«Los chinos no demandan democracia, sino más bienestar y mayores libertades individuales», aduce Zigor Aldama. A su juicio, la potencia asiática está experimentando una profunda transformación política que no implica relevos en la dirección ideológica. «El Partido Comunista goza de legitimidad absoluta para el pueblo siempre que el desarrollo continúe. Los cambios más dramáticos pueden ocurrir si ese progreso se detiene o las diferencias sociales, ya muy grandes, continúan ampliándose». El periodista vasco, corresponsal en Asia de EL CORREO, hablará esta tarde en Bilbao del nuevo escenario mundial en el que Pekín goza ya de amplio protagonismo y de las maneras de adaptarnos a esta situación.
La conferencia, en la que también se expondrán las iniciativas de la capital vizcaína a este respecto, se desarrollará en el Salón El Carmen dentro del ciclo de charlas del Aula de Cultura de la Fundación Vocento y cuenta con la colaboración de Bilbao Next.
La disidencia política carece de apoyo popular según explica el reportero, y aduce que su relevancia no es la que le dan los medios occidentales. «Parecen muchos, pero no representan ni el 1% de la población». En su opinión, es muy improbable un contagio de la primavera árabe. El descontento está relacionado con la inflación desbocada o el elevado precio de la vivienda o la corrupción. «Cuando cuesta alcanzar los servicios básicos fastidia que otros levanten la pasta», apunta y proporciona ejemplos de retiradas del gobierno ante la presión popular, favorecida por el auge de las redes sociales, e incluso dimisiones de autoridades por escándalos.
La imagen que quiere trasmitir el conferenciante pretende ser lo más realista posible, ya que considera que, a pesar de los años que han trascurrido desde que el dragón se despertó, aún se mantienen muchos tópicos. «Explicarlo es importante porque su impacto es brutal» y recuerda que las decisiones que se toman en Pekín tienen tanta importancia como las que se toman en Washington y Londres.
«No roban materias primas»
El gigante oriental ya no es la fábrica del 'todo a cien'. «A diferencia de nosotros, están invirtiendo mucho en i+d para dar un salto cualitativo en su producción», alega y también pone en tela de juicio esa visión del gigante como el paradigma del capitalismo feroz. «Me hace gracia que los líderes del mundo hablen de su neoimperialismo cuando ellos antes han expoliado el mundo.
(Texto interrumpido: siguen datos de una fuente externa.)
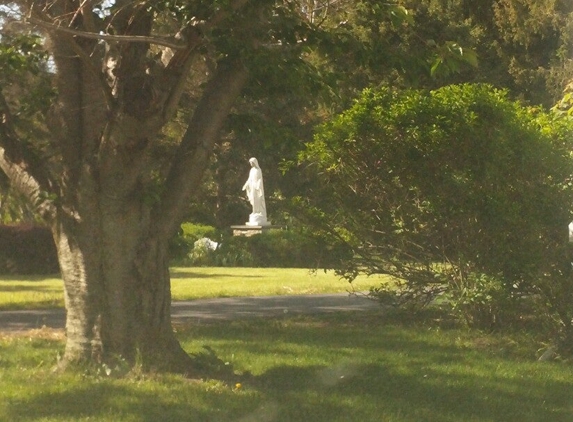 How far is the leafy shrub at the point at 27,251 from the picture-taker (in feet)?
86.3

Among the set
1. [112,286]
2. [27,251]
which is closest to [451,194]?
[112,286]

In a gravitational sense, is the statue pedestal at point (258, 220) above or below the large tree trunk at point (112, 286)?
above

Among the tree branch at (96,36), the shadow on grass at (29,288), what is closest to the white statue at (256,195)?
the shadow on grass at (29,288)

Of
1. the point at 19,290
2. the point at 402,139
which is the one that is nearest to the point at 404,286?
the point at 402,139

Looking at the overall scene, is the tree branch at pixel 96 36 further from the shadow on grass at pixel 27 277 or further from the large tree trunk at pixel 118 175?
the shadow on grass at pixel 27 277

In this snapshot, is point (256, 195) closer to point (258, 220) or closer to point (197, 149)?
point (258, 220)

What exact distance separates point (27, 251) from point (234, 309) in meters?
12.3

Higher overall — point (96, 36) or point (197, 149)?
point (96, 36)

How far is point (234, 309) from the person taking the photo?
15805 mm

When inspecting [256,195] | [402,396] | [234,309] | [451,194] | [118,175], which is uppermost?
[256,195]

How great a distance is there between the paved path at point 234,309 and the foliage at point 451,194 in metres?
2.74

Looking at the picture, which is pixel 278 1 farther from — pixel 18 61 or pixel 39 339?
pixel 39 339

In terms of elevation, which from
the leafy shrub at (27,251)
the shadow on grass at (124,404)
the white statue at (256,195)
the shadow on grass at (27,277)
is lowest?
the shadow on grass at (124,404)

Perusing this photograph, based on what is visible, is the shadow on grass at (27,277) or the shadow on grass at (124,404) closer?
the shadow on grass at (124,404) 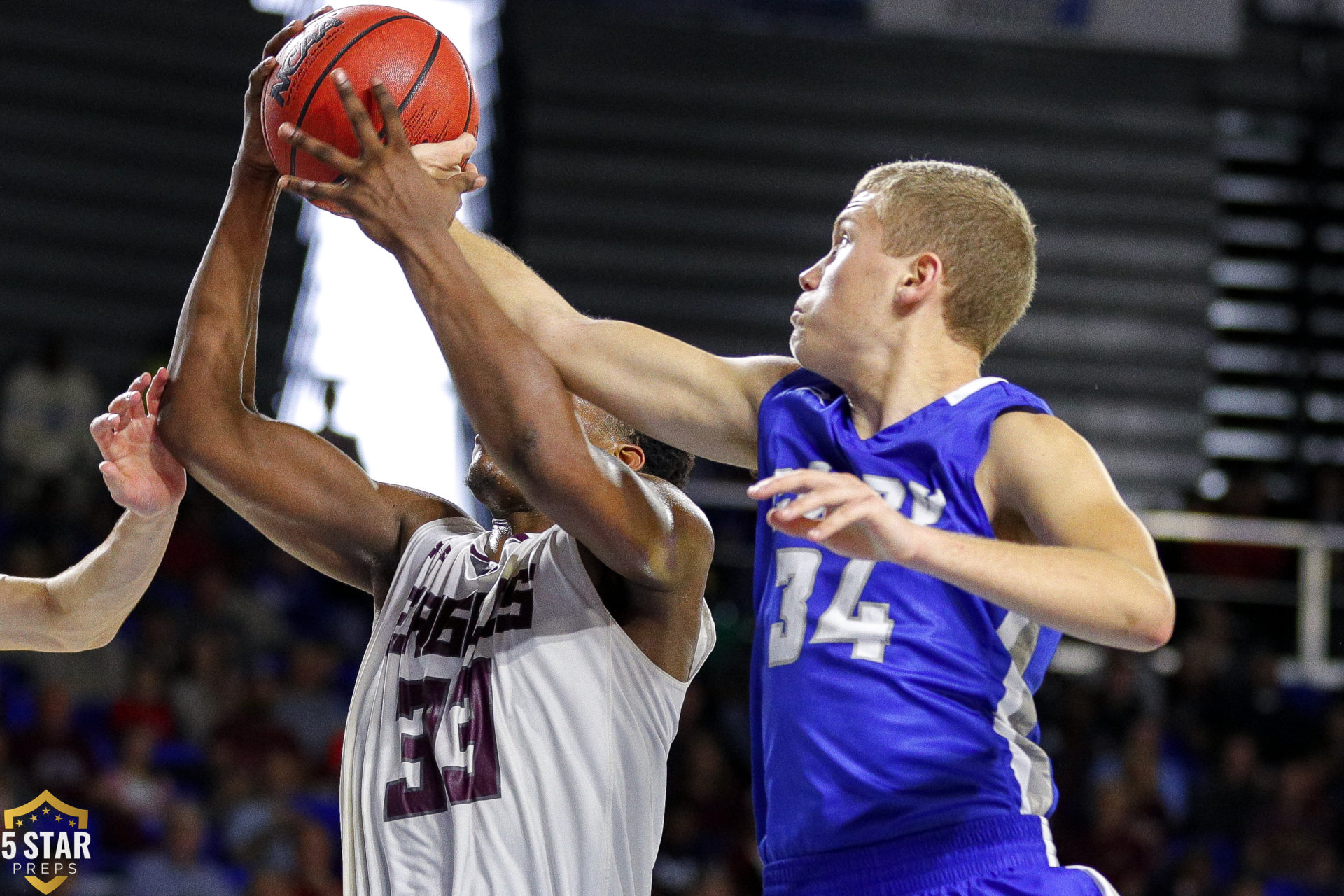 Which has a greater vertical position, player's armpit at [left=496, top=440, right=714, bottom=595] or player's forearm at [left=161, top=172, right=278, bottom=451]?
player's forearm at [left=161, top=172, right=278, bottom=451]

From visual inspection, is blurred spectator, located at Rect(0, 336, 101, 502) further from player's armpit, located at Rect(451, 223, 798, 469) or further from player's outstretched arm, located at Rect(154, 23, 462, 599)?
player's armpit, located at Rect(451, 223, 798, 469)

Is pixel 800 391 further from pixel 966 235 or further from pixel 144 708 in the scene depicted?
pixel 144 708

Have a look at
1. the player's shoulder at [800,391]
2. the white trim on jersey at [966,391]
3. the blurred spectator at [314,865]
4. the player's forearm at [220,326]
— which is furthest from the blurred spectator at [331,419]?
the blurred spectator at [314,865]

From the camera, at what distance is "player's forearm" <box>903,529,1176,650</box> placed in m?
2.01

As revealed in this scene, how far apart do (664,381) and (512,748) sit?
0.74 m

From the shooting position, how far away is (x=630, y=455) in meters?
3.15

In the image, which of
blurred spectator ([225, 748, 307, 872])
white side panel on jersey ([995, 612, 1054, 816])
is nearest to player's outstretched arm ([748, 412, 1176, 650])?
white side panel on jersey ([995, 612, 1054, 816])

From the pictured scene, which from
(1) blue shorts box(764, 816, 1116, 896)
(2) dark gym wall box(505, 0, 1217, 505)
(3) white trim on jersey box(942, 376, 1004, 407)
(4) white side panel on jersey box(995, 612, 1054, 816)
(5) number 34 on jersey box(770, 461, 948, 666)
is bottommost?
(1) blue shorts box(764, 816, 1116, 896)

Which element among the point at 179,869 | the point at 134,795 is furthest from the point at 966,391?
the point at 134,795

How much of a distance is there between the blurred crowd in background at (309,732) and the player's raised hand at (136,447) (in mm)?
4347

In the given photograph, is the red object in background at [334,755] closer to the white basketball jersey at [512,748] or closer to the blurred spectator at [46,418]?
the blurred spectator at [46,418]

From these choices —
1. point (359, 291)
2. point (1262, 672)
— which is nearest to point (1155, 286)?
point (1262, 672)

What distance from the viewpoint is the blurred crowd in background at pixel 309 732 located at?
7.47 metres

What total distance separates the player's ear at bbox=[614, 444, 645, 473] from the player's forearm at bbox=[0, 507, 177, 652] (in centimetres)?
98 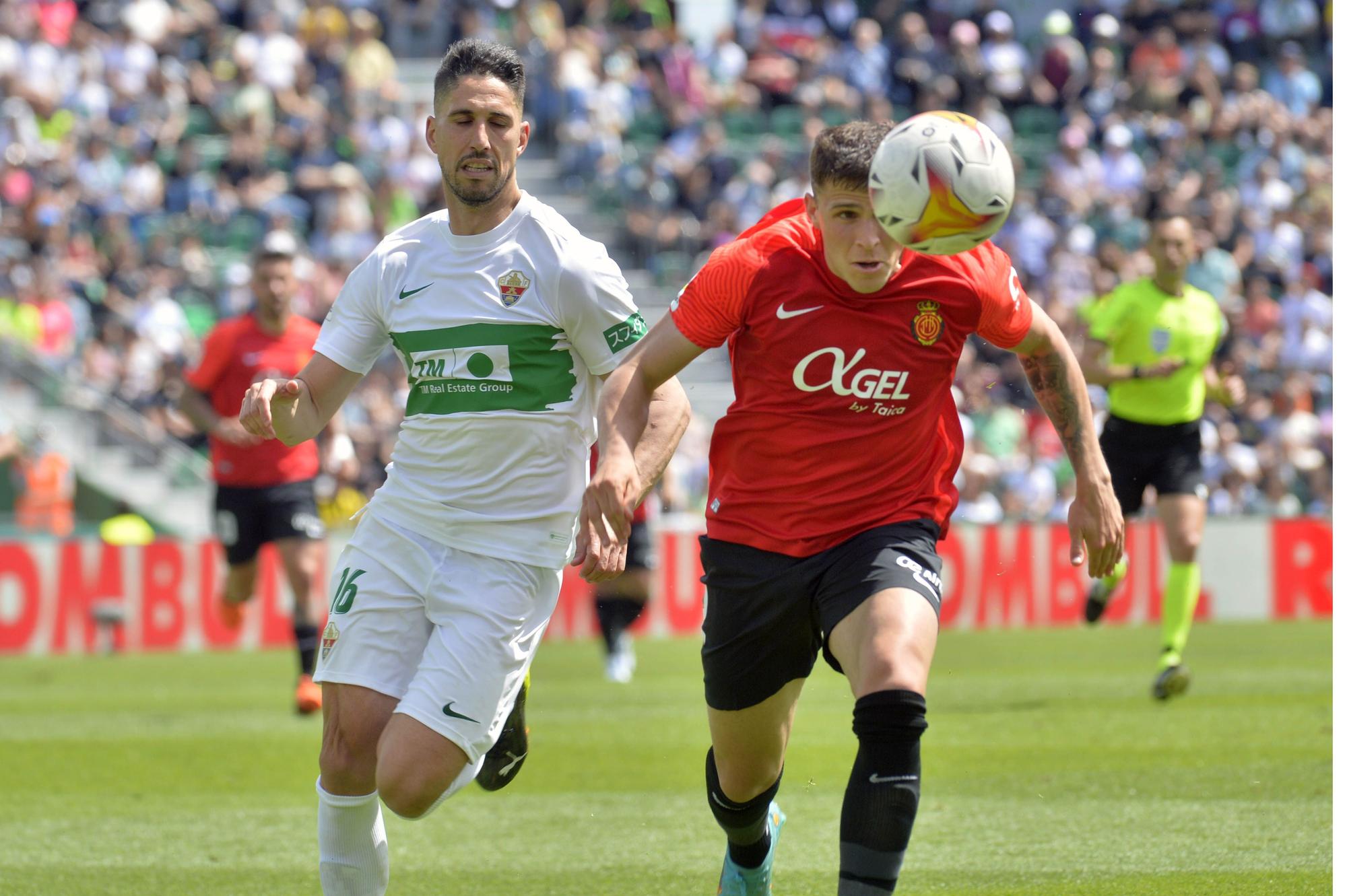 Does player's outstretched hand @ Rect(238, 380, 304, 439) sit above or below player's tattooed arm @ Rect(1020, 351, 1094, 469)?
above

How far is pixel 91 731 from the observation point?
1221 centimetres

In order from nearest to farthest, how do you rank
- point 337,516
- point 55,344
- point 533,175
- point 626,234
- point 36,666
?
point 36,666 → point 337,516 → point 55,344 → point 626,234 → point 533,175

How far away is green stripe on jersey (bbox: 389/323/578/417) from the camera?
6.04 m

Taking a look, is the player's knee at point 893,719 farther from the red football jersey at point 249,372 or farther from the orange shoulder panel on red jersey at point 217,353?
the orange shoulder panel on red jersey at point 217,353

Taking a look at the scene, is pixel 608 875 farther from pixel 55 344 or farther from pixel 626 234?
pixel 626 234

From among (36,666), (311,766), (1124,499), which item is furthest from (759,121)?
(311,766)

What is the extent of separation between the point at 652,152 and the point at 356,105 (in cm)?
407

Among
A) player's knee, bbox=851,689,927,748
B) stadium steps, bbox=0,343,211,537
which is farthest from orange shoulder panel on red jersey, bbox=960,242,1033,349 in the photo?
stadium steps, bbox=0,343,211,537

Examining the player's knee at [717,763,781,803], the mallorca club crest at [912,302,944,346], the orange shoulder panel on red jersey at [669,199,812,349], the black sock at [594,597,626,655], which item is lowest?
the black sock at [594,597,626,655]

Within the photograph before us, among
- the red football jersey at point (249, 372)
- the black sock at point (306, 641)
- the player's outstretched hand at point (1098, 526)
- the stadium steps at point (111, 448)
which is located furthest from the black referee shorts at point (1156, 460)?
the stadium steps at point (111, 448)

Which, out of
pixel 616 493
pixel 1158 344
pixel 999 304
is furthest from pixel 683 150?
pixel 616 493

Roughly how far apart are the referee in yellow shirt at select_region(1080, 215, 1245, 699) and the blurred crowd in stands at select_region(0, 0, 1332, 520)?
7975mm

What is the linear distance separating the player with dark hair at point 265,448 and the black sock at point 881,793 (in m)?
7.56

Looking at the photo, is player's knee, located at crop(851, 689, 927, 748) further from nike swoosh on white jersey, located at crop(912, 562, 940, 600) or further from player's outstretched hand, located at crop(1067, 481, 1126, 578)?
player's outstretched hand, located at crop(1067, 481, 1126, 578)
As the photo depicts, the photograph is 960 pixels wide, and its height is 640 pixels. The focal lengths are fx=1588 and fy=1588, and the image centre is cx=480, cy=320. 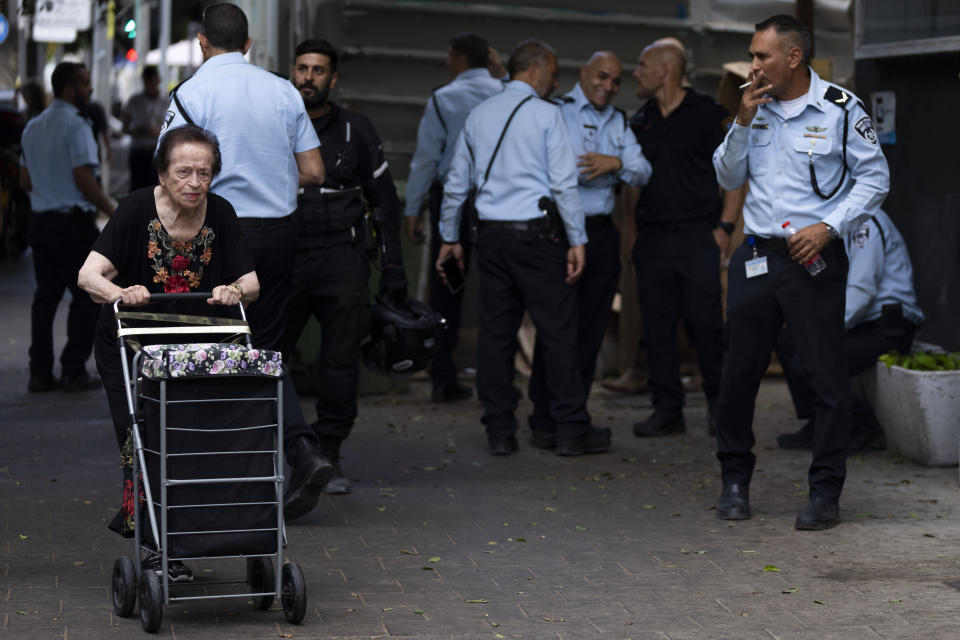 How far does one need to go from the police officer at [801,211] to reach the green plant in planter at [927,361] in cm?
137

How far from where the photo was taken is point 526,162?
8.24 meters

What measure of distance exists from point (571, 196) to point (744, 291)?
1717mm

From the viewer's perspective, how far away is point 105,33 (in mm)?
37750

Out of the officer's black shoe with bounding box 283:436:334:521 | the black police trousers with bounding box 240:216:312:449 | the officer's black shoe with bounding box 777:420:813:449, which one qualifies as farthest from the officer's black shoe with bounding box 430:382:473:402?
the officer's black shoe with bounding box 283:436:334:521

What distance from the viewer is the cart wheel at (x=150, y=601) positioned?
4965mm

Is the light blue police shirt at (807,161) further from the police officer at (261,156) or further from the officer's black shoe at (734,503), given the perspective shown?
the police officer at (261,156)

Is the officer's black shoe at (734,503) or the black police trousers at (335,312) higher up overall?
the black police trousers at (335,312)

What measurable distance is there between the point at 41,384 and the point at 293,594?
607 centimetres

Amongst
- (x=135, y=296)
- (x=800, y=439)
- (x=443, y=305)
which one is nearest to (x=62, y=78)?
(x=443, y=305)

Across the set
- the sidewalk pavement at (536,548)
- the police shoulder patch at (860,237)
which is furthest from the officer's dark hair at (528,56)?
the sidewalk pavement at (536,548)

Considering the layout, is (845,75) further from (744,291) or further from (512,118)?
(744,291)

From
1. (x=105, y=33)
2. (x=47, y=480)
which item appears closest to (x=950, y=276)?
(x=47, y=480)

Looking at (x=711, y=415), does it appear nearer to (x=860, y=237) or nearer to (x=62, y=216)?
(x=860, y=237)

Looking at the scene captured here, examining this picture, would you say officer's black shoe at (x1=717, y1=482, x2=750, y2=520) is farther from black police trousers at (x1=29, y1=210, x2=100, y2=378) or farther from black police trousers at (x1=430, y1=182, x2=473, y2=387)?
black police trousers at (x1=29, y1=210, x2=100, y2=378) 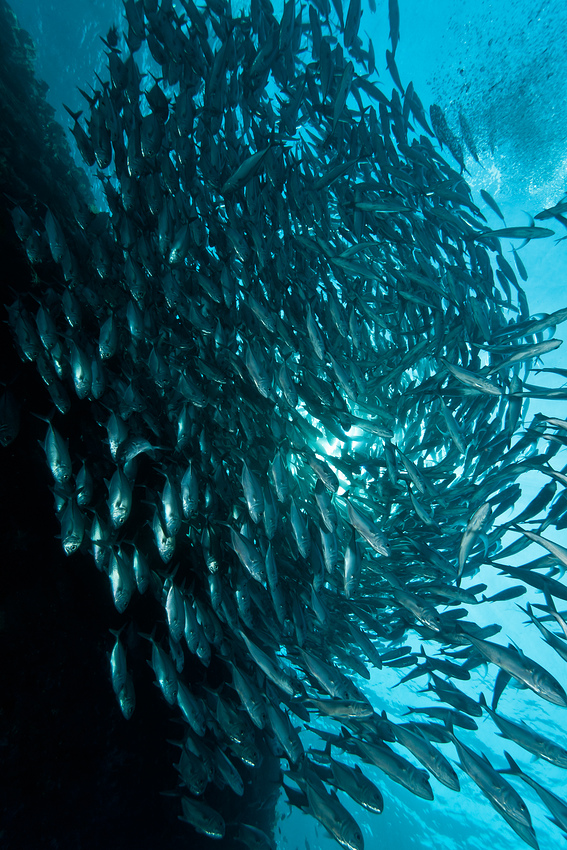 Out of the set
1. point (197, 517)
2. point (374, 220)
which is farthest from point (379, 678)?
point (374, 220)

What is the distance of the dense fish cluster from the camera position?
3.72 meters

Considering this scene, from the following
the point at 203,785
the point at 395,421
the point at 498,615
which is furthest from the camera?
the point at 498,615

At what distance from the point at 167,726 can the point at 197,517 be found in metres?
2.89

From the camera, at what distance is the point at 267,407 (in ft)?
16.1

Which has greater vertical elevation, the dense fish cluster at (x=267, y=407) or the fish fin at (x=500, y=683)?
the dense fish cluster at (x=267, y=407)

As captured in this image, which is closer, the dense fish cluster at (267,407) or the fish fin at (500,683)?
the dense fish cluster at (267,407)

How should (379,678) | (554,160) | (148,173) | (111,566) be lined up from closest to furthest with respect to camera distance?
(111,566) → (148,173) → (554,160) → (379,678)

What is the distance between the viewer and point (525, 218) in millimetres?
10242

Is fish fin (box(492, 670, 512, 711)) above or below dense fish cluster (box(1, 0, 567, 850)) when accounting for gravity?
below

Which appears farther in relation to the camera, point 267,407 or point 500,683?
point 267,407

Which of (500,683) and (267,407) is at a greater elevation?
(267,407)

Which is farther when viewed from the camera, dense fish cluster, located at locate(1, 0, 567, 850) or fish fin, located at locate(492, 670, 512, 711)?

Los chinos necesitan combustible y materias primas y no las roban, pagan a precios de mercado y construyen infraestructuras que no se habían levantado antes. Es cierto que hacen tratos con Sudán y miran hacia otro lado en Darfur, pero es que EE UU propicia una guerra allí donde quiere sacar algo».
La China mala vende mucho, en opinión de Aldama, y alude las vulneraciones de los derechos humanos y las agresiones al medio ambiente, entre otros reproches habituales, que, curiosamente, ya no se mencionan cuando se producen visitas de sus mandatarios. No niega que sean reales, pero también se refiere a otros logros, como el hecho de haber conseguido sacar a 400 millones de personas de la miseria en 30 años. «Evidentemente, el gobierno hace cosas bien», y reprocha cierta hipocresía a Occidente. «Somos los buenos, adalides de la democracia, cuando hay otro sistema, que no diga que sea mejor, que compite con nuestras reglas, las del capitalismo».